Je m’abstiendrai donc de toute discussion sur les considérations politiques de M. Léon Faucher et ne m’occuperai, dans ma réponse, que de la partie purement financière de son travail, pour en relever quelques erreurs matérielles.

Je vous avoue, monsieur, bien sincèrement qu’en lisant cet article, j’ai été quelque peu surpris qu’un auteur aussi distingué eût prêté l’autorité de son nom à des faits complètement inexacts, et je n’ai pu m’en rendre compte qu’en prenant en considération que M. Léon Faucher, ajoutant une entière confiance aux révélations d’un organe officiel de la presse française, l’a adopté pour base de tous ses raisonnemens sur la situation financière de la Russie, dont il a tiré, avec sa lucidité ordinaire, des déductions qui seraient très-justes, si elles n’étaient pas fondées sur des faits erronés.

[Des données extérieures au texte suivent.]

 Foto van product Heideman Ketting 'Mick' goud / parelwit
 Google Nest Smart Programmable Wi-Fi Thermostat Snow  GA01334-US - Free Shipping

Je ne ferai pas au gouvernement français le tort de supposer qu’il a sciemment dénaturé les faits; mais je regrette qu’une connaissance imparfaite des opérations financières de la Russie et de ses ressources l’ait entraîné à confondre quelques données vraies avec d’autres qui ne le sont pas, et à construire un échafaudage de chiffres qui donne une idée complètement fausse de l’état de nos finances. Les erreurs qui s’y trouvent, et que nous supposons involontaires, ont été réfutées en substance dans deux articles qui ont paru dans le Journal de Francfort du 9 juillet et du 18 août dernier; mais comme il se pourrait que ces deux articles ne fussent point parvenus à la connaissance de vos lecteurs, et que d’ailleurs l’emploi que M. Léon Faucher a fait des données publiées par le Moniteur et les développemens dont il les accompagne exigent quelques explications complémentaires, je crois devoir récapituler ici les inexactitudes qui se trouvent reproduites dans le travail de M. Faucher.

Les chiffres et les raisonnemens qui s’y rattachent se croisent tellement les uns les autres, que, voulant surtout être court, il me serait difficile de les soumettre à une analyse systématique; je me bornerai donc à relever les inexactitudes qui s’y trouvent en suivant l’ordre dans lequel elles se présentent au lecteur.

1° Il est dit page 736 de la Revue[1] : « Le gouvernement russe, après avoir tâté les divers marchés, se voit exclu des principales places de crédit et réduit à l’expédient odieux, autant que stérile, de l’emprunt forcé. »

  1. Tome VIII, livraison du 15 août 1854.